The Transferability of this Warrant is
Restricted as Provided in Sections 3 and 9
For good and valuable consideration in the amount of $_______, the
receipt and sufficiency of which are hereby acknowledged by Diversifax, Inc.,
a Delaware corporation, with its principal office at 00 Xxxxxxxxx Xxxxxx,
Xxxxxx Xxxxxx, Xxx Xxxx 00000 (the "Company"), ____________ (the "Holder"),
subject to the terms and conditions of this Warrant, is hereby granted the
right to purchase, at the initial exercise price of $1.50 per share, at any
one or more times from the date hereof until 5:00 p.m. on the __________,
1998, in the aggregate, ________ shares of Common Stock of the Company, $.001
par value (the "Shares").
This Warrant initially is exercisable at a price of $1.50 per Share
payable in cash, by certified or official bank check in New York Clearing
House funds or other form of payment satisfactory to the Company, subject to
adjustment as provided in Section 5 hereof.
1. Exercise of Warrant. The purchase rights represented by this
Warrant are exercisable at the option of the Holder hereof, in whole or in
part, at one or more times during any period in which this Warrant may be
exercised as set forth above.

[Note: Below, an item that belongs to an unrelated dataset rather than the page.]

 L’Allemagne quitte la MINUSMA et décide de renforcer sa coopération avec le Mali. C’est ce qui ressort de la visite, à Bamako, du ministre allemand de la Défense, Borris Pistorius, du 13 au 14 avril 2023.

The Holder shall not be deemed to have
exercised its purchase rights hereunder until the Company receives written
notice of the Holder's intent to exercise its purchase rights hereunder.

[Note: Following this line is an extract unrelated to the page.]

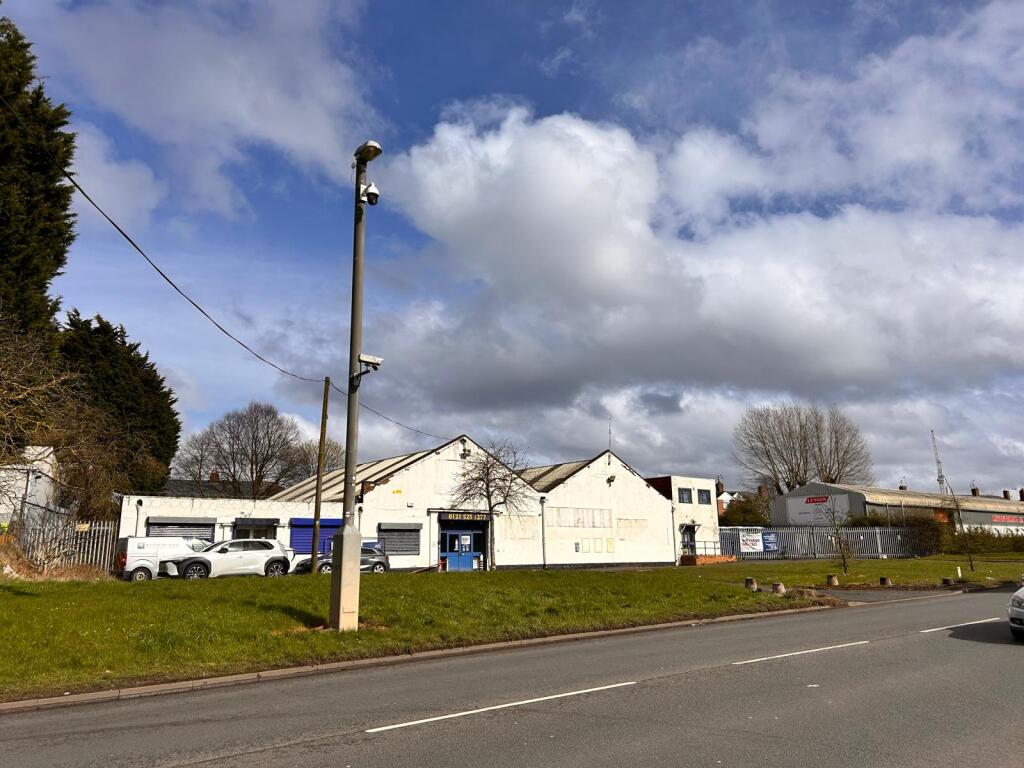 Main image of property: Victoria House, Brandon Way, West Bromwich, B70 8JH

The written notice shall be in the form of the Subscription Form attached
hereto and made a part hereof. Less than all of the Shares may be
purchased under this Warrant.
2. Issuance of Certificates. Upon the exercise of this Warrant, the
issuance of certificates for Shares underlying this Warrant shall be made
forthwith (and in any event within twenty (20) business days after the
Company's receipt of written notice hereunder as specified in Section 1
above) and such certificates shall be issued in the name of the Holder
hereof.
3. Restriction on Transfer. Neither this Warrant nor any Shares
issuable upon exercise hereof have been registered under the Securities Act
of 1933, as amended (the "Act"), and neither may be sold or transferred in
whole or in part unless the Holder shall have first given prior written
notice to the Company describing such sale or transfer and furnished to the
Company an opinion, satisfactory to counsel for the Company as determined
by such counsel in its sole discretion, to the effect that the proposed
sale or transfer may be made without registration under the Act; provided,
however, that the foregoing shall not apply if there is in effect a
registration statement with respect to this Warrant or the Shares issuable
upon exercise hereof, as the case may be, at the time of the proposed sale
or transfer. Upon exercise, in part or in whole, of this Warrant, each
certificate issued representing the Shares underlying this Warrant shall
bear a legend to the foregoing effect.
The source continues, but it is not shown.